To interpret the model the factors loadings can be printed. The resulting matrix has three columns (factors) and nine rows (items).

fa2.loadings_
array([[ 0.89804925, -0.0115369 , -0.00451513],
       [ 0.8968232 ,  0.04438391, -0.0102817 ],
       [ 0.89987475, -0.03552471,  0.01210906],
       [ 0.06950891,  0.87750578,  0.02016048],
       [-0.03629858,  0.90474591, -0.00802461],
       [-0.03542748,  0.89079128, -0.01190148],
       [ 0.0096525 , -0.02709577,  0.87285848],
       [-0.0330577 , -0.01986931,  0.87343536],
       [ 0.02192158,  0.04934722,  0.88621102]])

We can see that items 1-3 load mostly onto factor 1, items 4-6 load mostly onto factor 2 and items 7-9 load mostly onto factor 3. Note: Factor loadings are similar to standardized regression coefficients, and variables with higher loadings on a particular factor can be interpreted as explaining a larger proportion of the variation in that factor.

To evaluate how good the model is one might look at the communalities.

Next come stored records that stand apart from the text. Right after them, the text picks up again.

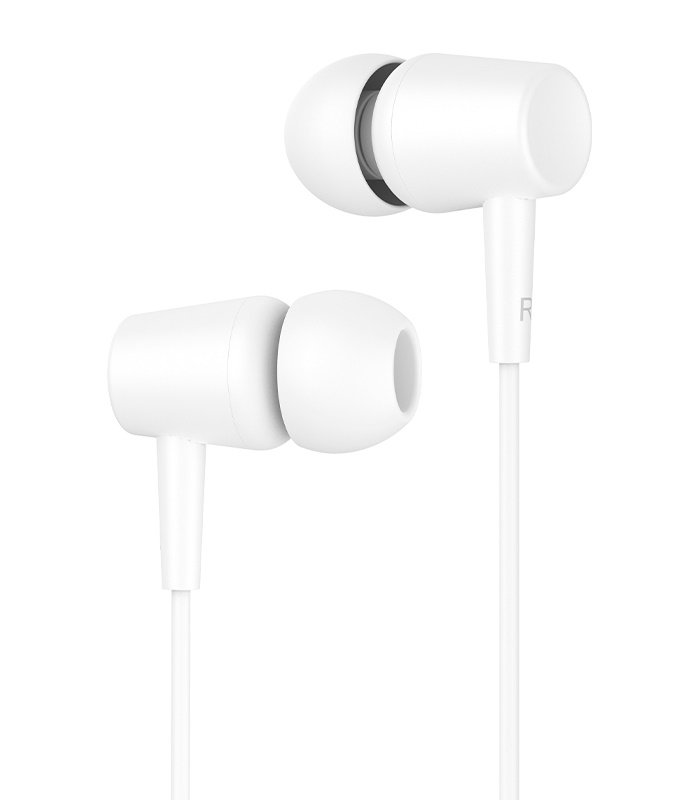 CELEBRAT earphones με μικρόφωνο G13, 3.5mm σύνδεση, Φ10mm, 1.2m, λευκό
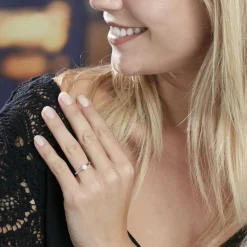 Histoire d'Or Bague Solitaire Fiona Or Blanc Diamant Synthetique* Bagues|Bagues Avec Pierre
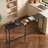 71'' Counter Height Bar Dining Table With Metal Frame , Pub Sofa Table For Kitchen And Living Room-2134696391-2134696384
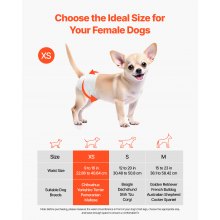 Pañales desechables para perros VEVOR, súper absorbentes, talla XS, 144 unidades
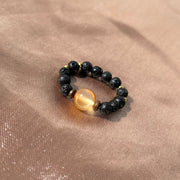 Carnelian Lava Rock Ring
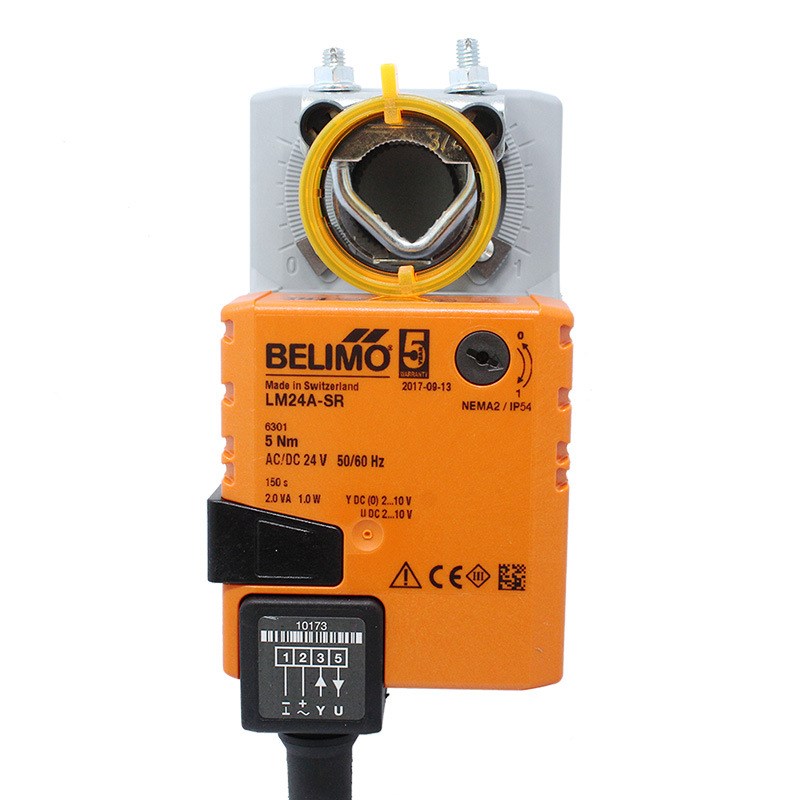 5NM风门驱动器 LM24A-SR LMU24-SR belimo 电动风阀执行器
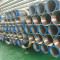 5 inch galvanized steel round pipe with threaded ends
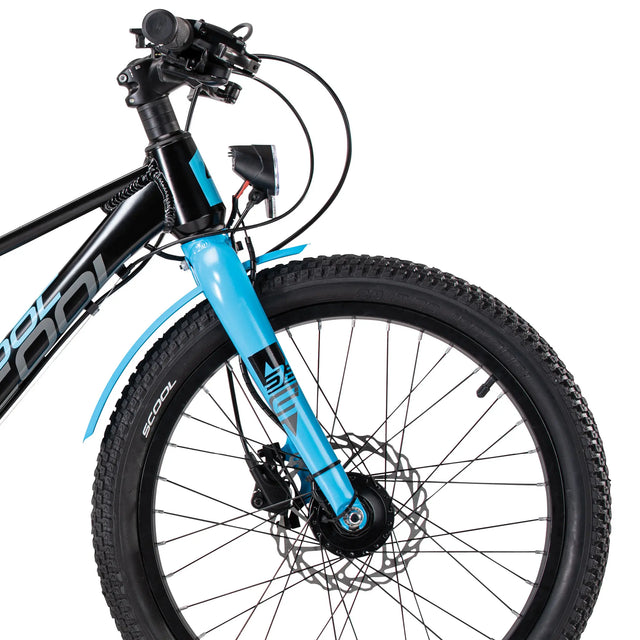 S'COOL S'COOL Junior Bikes XXlite evo disc 20 Zoll 7-Gang Black/Blue &vert; fahrrad.de Preisnachlass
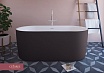Акриловая ванна Cezares Metauro Central METAURO-INT-Central-180-80-60-B-W-MATT 180x80 см белый матовый/черный матовый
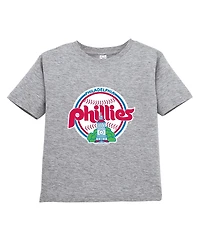 Soft as a Grape Toddler Red/Gray Philadelphia Phillies Cooperstown Collection T-Shirt, Set of 2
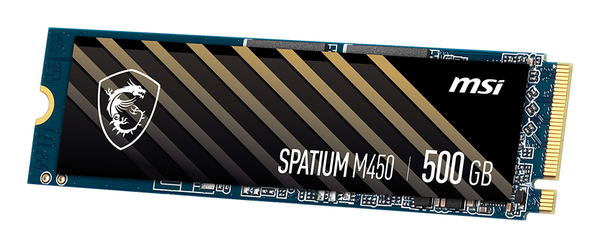 MSI SPATIUM M450 PCIe 4.0 NVMe M.2 500GB 500 GB, PCIe 4.0, M.2 - SSD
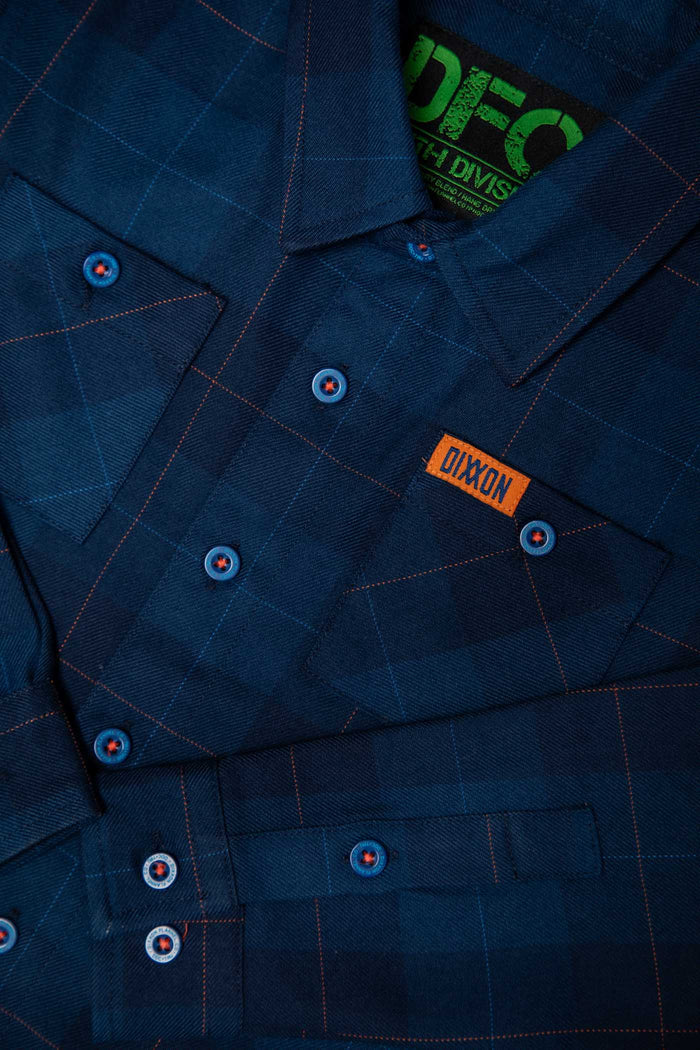 Neverending Navy Youth Flannel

Communalities range from 0 to 1 and tell you the variance of each observed variable accounted for by all extracted factors combined.

fa2.get_communalities()
array([0.80664595, 0.80636749, 0.8111832 , 0.77525434, 0.81994715,
       0.79490585, 0.76270927, 0.76437693, 0.78828568])

As the communalities are quite high for all variables we can conclude that the model fits the data well.